I see no reason not to insist on some kind of quality here. We're not talking about poetic license or writing to reflect a dialect, we're talking about the author believing hyphens are correct for a given passage. In the vast majority of his usage, his beliefs are incorrect, and his lack of grammatical awareness (enforced by his own post) is making for a bad reading experience.


I'm still not sure the bookstore is the best place to go for grammar enforcement, rather than suggesting he hire an editor. But Amazon's foray into supporting hands-off self-publishing is at war with their need to have a minimum quality level to avoid scaring off customers. An actual working rating system would help, if anyone had managed to invent such a thing.

I'm also of the opinion that if I'm reading a book with such egregiously awful editing, I'd stop reading it, rather than ask for corrections. If the editing is bad, are the ideas any better?


I'm in a quandary: doesn't the bookstore have a right to set a quality standard (not a poetic one), and a right to protect itself from chargebacks from unhappy customers?

Is the phrase "self published" really correct for Amazon and others to use? It could be argued that Amazon is the one publishing it, and they're really letting you bypass the editors and sales reps from a print-based publishing house to get your works onto Kindles.
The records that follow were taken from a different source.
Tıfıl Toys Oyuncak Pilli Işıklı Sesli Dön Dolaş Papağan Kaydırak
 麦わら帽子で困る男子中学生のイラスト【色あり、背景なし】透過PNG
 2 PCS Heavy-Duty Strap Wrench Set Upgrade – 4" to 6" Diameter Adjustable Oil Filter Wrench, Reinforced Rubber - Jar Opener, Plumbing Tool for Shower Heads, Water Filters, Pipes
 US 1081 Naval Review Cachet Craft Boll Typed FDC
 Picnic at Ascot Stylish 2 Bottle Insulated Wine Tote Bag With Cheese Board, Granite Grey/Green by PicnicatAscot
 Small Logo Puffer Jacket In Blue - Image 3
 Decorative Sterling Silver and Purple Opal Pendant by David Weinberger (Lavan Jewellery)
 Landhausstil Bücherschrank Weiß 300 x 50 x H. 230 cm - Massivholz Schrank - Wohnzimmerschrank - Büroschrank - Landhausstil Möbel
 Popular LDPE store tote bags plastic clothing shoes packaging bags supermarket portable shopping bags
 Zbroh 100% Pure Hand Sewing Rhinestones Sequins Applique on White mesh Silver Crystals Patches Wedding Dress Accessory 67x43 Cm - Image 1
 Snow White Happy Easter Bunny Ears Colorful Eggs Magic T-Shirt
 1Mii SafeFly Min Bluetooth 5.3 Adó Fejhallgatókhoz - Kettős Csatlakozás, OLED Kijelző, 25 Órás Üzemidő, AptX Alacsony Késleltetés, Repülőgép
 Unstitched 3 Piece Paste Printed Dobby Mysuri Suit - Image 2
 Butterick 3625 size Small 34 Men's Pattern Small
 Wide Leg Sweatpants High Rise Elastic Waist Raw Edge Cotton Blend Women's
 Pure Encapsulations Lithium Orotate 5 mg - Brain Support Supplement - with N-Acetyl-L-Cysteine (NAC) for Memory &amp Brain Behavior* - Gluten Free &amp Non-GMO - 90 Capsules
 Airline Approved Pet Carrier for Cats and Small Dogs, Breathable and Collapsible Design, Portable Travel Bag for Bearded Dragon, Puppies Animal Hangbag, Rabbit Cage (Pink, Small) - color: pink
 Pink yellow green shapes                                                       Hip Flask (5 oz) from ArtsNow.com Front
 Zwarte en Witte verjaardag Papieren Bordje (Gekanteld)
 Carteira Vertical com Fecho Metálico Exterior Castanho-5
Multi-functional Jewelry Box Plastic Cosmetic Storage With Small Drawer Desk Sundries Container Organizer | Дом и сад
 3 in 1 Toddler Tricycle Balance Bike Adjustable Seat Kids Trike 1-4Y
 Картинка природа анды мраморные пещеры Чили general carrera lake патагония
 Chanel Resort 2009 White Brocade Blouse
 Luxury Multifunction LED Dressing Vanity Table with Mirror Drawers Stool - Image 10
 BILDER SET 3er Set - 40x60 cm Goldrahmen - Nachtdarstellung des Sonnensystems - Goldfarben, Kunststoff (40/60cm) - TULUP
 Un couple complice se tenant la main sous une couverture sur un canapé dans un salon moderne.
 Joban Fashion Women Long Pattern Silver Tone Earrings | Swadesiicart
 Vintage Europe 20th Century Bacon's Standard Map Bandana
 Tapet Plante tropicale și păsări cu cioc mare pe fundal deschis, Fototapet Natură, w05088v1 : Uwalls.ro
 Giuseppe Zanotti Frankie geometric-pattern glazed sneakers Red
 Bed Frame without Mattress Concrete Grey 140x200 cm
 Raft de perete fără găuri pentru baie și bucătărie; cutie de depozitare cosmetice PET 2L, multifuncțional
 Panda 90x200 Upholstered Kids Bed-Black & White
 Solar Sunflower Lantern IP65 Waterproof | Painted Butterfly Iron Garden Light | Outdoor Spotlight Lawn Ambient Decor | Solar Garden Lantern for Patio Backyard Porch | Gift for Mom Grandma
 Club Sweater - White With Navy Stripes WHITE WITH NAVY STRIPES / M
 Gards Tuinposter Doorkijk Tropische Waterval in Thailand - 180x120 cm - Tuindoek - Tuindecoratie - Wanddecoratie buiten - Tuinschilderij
I really don't know. The situation makes me uncomfortable as a creator of content, certainly, but the author's railing against the company for protecting its customers and defending against liability from credit card issuers ... That just feels like someone bitching out of a sense of entitlement, and history shows (all over the world) that people who thoughtlessly feel entitled are rarely able to be convinced that they, in fact, are the ones that need to change.


I have edited my comment to make it clearer that you weren't replying to anything I actually said. Hope that helps.


I was replying to what you said. His hyperbole regarding unintelligent customers was the behavior that was called out as not nice, professional or intelligent.

His piss-poor use of hyphens (see what I did there?), however, isn't hyperbole. Hyperbole is a rhetorical device (and the greatest thing ever!), and unless he intended to evoke an emotional response in his readers by their incorrect and non-poetic application, it's just bad form; Being from the UK has bugger all to do with it.


It's strange that you educate us on what hyperbole and rhetorical devices are, yet can't recognise both those things in a sentence which begins "Are there people out there...?". The author is saying the direct opposite; that people aren't that stupid.


> I was going to argue freedom of speech and the ability to form ideas the way the author intended is what matters here, but the author himself doesn't seem to agree himself.

The example he gives is of auto-generated books uploaded for the purpose of gaming algorithms for profit. I'm as much a free-speech fundamentalist as the next guy, but that is no more a free speech issue than the Nigerian governor emailing me the unique opportunity to take a cut of $80,000,000 worth of penis enlargement pills.


One of the things I like about the Kindle is the option when reading to highlight a block of text and flag it as an error, which I've previously used for obvious typos, and the occasional badly placed hyphen. Having seen this and the implication that it can result in automated removal of a book from the Kindle store I think I'm going to stop that now.